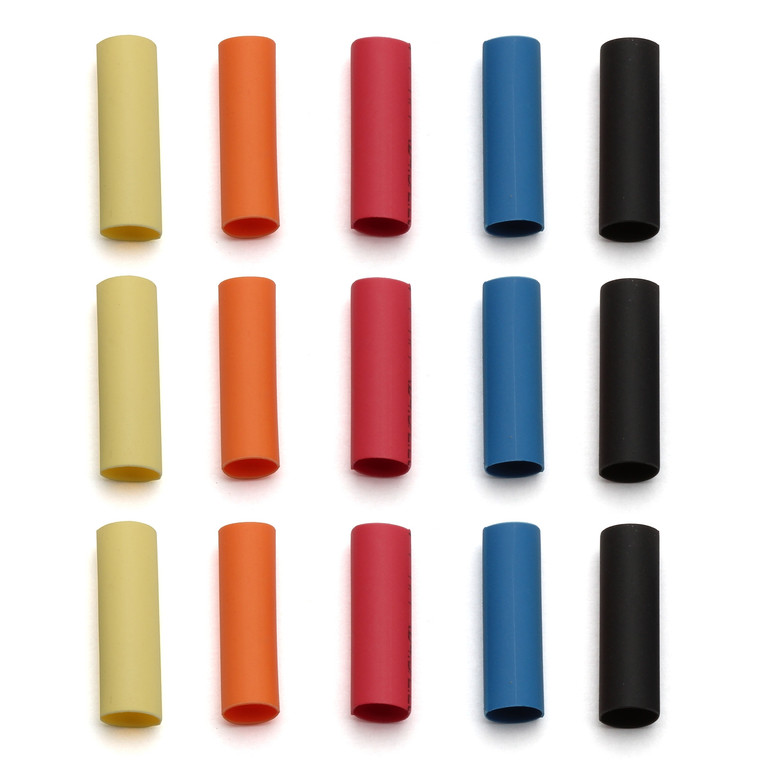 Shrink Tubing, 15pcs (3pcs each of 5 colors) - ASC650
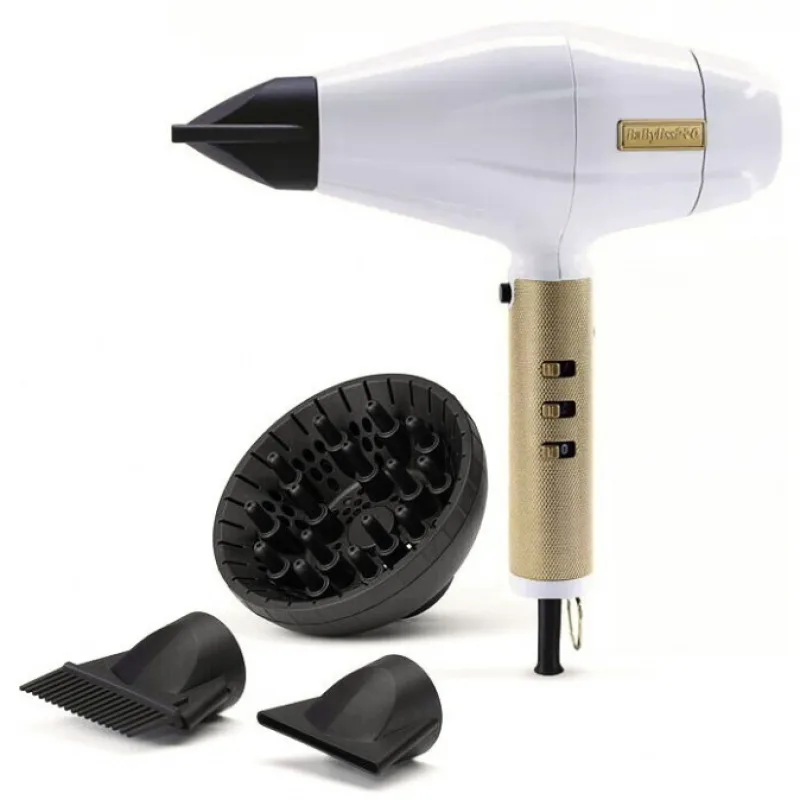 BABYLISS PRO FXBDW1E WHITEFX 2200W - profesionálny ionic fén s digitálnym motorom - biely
● ● ● ● ● ● ●
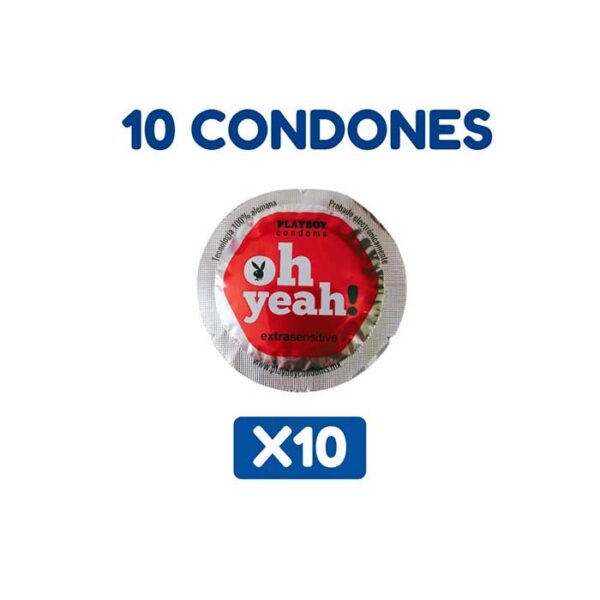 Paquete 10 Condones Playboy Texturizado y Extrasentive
● ● ● ● ● ● ●
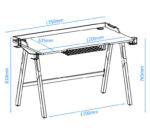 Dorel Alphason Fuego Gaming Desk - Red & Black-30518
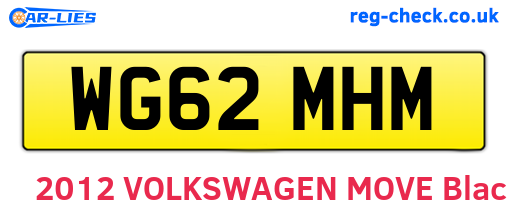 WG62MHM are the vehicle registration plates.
● ● ● ● ● ● ●
→ **EXERCISE OBJECTIVE**
Only the lines between the one with "Shrink Tubing, 15pcs" and the one with "BABYLISS PRO FXBDW1E", those two included, get copied from the material above. Keep it exact and free of pictures.

→ **SOLVED PROBLEM**
 Shrink Tubing, 15pcs (3pcs each of 5 colors) - ASC650
 BABYLISS PRO FXBDW1E WHITEFX 2200W - profesionálny ionic fén s digitálnym motorom - biely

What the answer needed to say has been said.